» WHAT TO PRODUCE
Please give all of the data again, character for character, and drop the pictures.

» DATA SHOWN
************

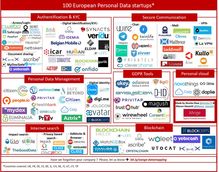 cartographie des startups européennes évoluant dans le business des données personnelles, réalisée par le fonds XAnge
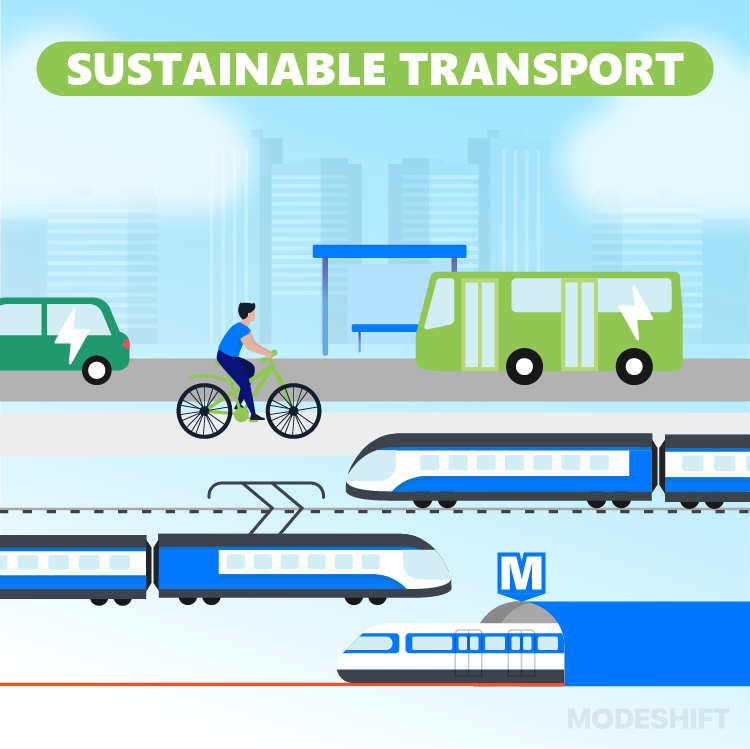 Wind-Powered Trains: A Green Solution For Sustainable Transportation Wind-Powered Trains: A Green Solution For Sustainable Transportation
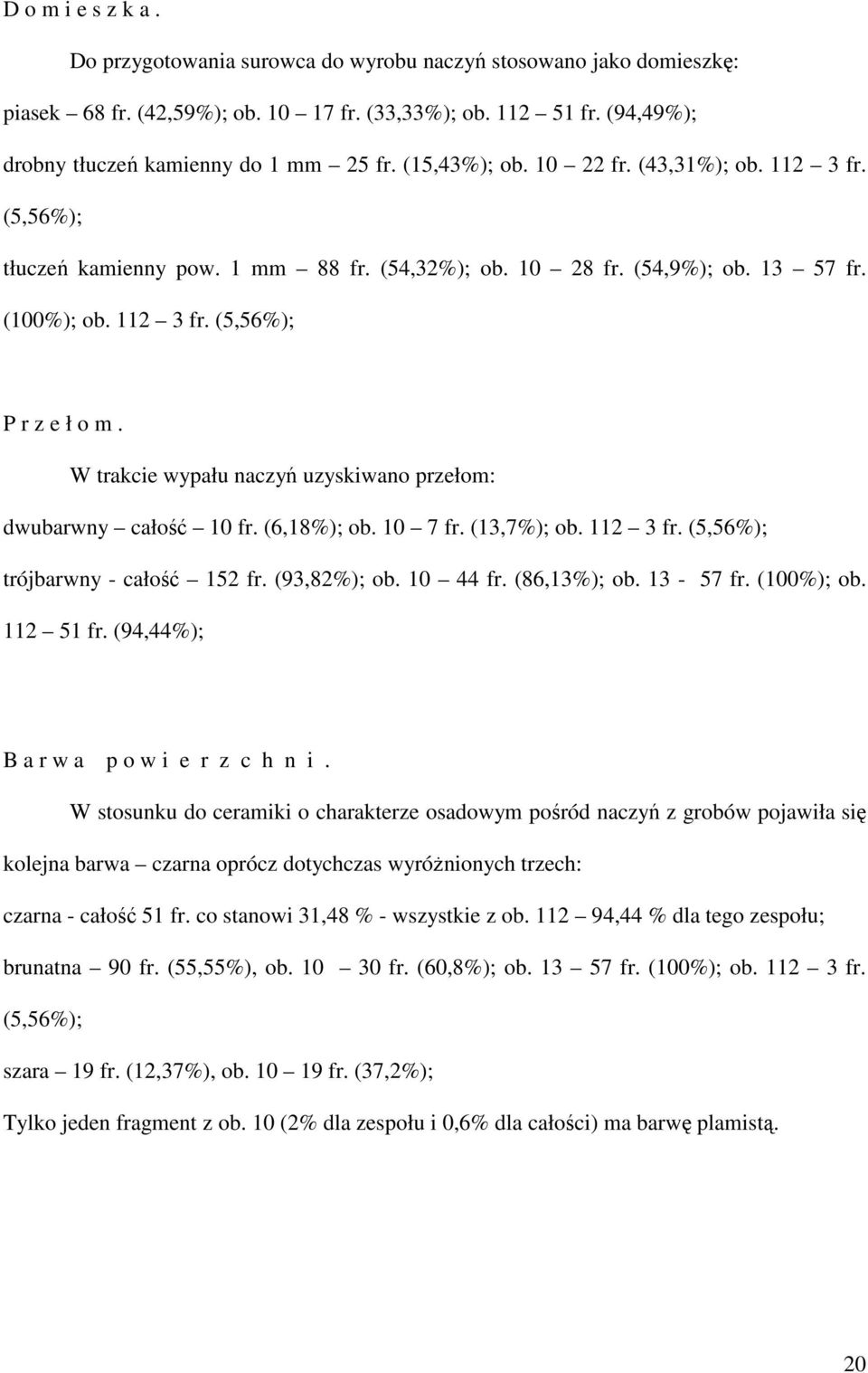 W trakcie wypału naczyń uzyskiwano przełom: dwubarwny całość 10 fr. (6,18%); ob. 10 7 fr. (13,7%); ob. 112 3 fr. (5,56%); trójbarwny - całość 152 fr. (93,82%); ob. 10 44 fr. (86,13%); ob. 13-57 fr.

************

» SOLUTION TO THIS EXERCISE
 cartographie des startups européennes évoluant dans le business des données personnelles, réalisée par le fonds XAnge
 Wind-Powered Trains: A Green Solution For Sustainable Transportation Wind-Powered Trains: A Green Solution For Sustainable Transportation
 W trakcie wypału naczyń uzyskiwano przełom: dwubarwny całość 10 fr. (6,18%); ob. 10 7 fr. (13,7%); ob. 112 3 fr. (5,56%); trójbarwny - całość 152 fr. (93,82%); ob. 10 44 fr. (86,13%); ob. 13-57 fr.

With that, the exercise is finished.